Print verbatim the opening line of the material and every subsequent line through the one containing "VEVOR Bass Guitar".

....................

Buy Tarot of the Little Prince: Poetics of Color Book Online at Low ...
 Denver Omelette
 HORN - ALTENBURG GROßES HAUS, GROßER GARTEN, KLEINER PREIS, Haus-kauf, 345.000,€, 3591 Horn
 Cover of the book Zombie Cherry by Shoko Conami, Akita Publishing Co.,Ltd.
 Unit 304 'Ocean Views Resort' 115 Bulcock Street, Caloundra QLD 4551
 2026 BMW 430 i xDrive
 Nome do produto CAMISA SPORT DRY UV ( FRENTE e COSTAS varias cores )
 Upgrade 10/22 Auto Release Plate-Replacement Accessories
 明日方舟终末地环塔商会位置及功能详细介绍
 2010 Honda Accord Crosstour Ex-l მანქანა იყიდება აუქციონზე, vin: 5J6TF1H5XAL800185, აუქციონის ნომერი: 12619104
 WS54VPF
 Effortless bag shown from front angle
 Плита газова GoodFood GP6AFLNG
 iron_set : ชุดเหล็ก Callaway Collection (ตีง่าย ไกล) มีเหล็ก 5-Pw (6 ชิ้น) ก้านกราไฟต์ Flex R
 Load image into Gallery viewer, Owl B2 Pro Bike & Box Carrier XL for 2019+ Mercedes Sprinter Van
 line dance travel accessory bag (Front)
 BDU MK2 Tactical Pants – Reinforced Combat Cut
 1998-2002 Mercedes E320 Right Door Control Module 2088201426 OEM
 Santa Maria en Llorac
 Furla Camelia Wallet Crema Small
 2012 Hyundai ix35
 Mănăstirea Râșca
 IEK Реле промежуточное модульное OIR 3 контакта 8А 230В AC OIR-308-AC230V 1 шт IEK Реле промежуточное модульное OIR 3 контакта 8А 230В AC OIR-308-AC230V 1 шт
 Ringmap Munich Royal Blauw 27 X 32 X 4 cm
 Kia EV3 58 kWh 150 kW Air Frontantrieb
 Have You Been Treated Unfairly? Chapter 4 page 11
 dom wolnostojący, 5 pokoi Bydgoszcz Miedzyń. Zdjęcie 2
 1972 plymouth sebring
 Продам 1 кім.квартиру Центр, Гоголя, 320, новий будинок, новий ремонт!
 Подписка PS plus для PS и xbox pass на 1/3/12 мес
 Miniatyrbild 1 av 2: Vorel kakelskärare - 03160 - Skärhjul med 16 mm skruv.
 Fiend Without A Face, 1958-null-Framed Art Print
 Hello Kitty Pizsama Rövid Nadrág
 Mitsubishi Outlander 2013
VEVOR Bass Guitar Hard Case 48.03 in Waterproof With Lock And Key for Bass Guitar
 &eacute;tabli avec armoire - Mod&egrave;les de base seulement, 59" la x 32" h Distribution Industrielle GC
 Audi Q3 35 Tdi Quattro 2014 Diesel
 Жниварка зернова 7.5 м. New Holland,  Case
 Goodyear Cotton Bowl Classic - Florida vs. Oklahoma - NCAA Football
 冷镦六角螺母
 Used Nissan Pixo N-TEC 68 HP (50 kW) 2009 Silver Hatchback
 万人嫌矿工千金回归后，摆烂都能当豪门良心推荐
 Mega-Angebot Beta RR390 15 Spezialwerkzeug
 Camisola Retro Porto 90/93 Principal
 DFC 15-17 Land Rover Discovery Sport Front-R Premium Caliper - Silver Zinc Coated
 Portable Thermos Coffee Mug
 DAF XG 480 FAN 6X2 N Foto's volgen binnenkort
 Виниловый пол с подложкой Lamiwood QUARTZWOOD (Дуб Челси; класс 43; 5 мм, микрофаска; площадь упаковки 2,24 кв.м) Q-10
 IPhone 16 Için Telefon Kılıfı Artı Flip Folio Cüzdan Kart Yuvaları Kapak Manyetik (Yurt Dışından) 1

....................

** SOLVED EXERCISE **
Buy Tarot of the Little Prince: Poetics of Color Book Online at Low ...
 Denver Omelette
 HORN - ALTENBURG GROßES HAUS, GROßER GARTEN, KLEINER PREIS, Haus-kauf, 345.000,€, 3591 Horn
 Cover of the book Zombie Cherry by Shoko Conami, Akita Publishing Co.,Ltd.
 Unit 304 'Ocean Views Resort' 115 Bulcock Street, Caloundra QLD 4551
 2026 BMW 430 i xDrive
 Nome do produto CAMISA SPORT DRY UV ( FRENTE e COSTAS varias cores )
 Upgrade 10/22 Auto Release Plate-Replacement Accessories
 明日方舟终末地环塔商会位置及功能详细介绍
 2010 Honda Accord Crosstour Ex-l მანქანა იყიდება აუქციონზე, vin: 5J6TF1H5XAL800185, აუქციონის ნომერი: 12619104
 WS54VPF
 Effortless bag shown from front angle
 Плита газова GoodFood GP6AFLNG
 iron_set : ชุดเหล็ก Callaway Collection (ตีง่าย ไกล) มีเหล็ก 5-Pw (6 ชิ้น) ก้านกราไฟต์ Flex R
 Load image into Gallery viewer, Owl B2 Pro Bike & Box Carrier XL for 2019+ Mercedes Sprinter Van
 line dance travel accessory bag (Front)
 BDU MK2 Tactical Pants – Reinforced Combat Cut
 1998-2002 Mercedes E320 Right Door Control Module 2088201426 OEM
 Santa Maria en Llorac
 Furla Camelia Wallet Crema Small
 2012 Hyundai ix35
 Mănăstirea Râșca
 IEK Реле промежуточное модульное OIR 3 контакта 8А 230В AC OIR-308-AC230V 1 шт IEK Реле промежуточное модульное OIR 3 контакта 8А 230В AC OIR-308-AC230V 1 шт
 Ringmap Munich Royal Blauw 27 X 32 X 4 cm
 Kia EV3 58 kWh 150 kW Air Frontantrieb
 Have You Been Treated Unfairly? Chapter 4 page 11
 dom wolnostojący, 5 pokoi Bydgoszcz Miedzyń. Zdjęcie 2
 1972 plymouth sebring
 Продам 1 кім.квартиру Центр, Гоголя, 320, новий будинок, новий ремонт!
 Подписка PS plus для PS и xbox pass на 1/3/12 мес
 Miniatyrbild 1 av 2: Vorel kakelskärare - 03160 - Skärhjul med 16 mm skruv.
 Fiend Without A Face, 1958-null-Framed Art Print
 Hello Kitty Pizsama Rövid Nadrág
 Mitsubishi Outlander 2013
VEVOR Bass Guitar Hard Case 48.03 in Waterproof With Lock And Key for Bass Guitar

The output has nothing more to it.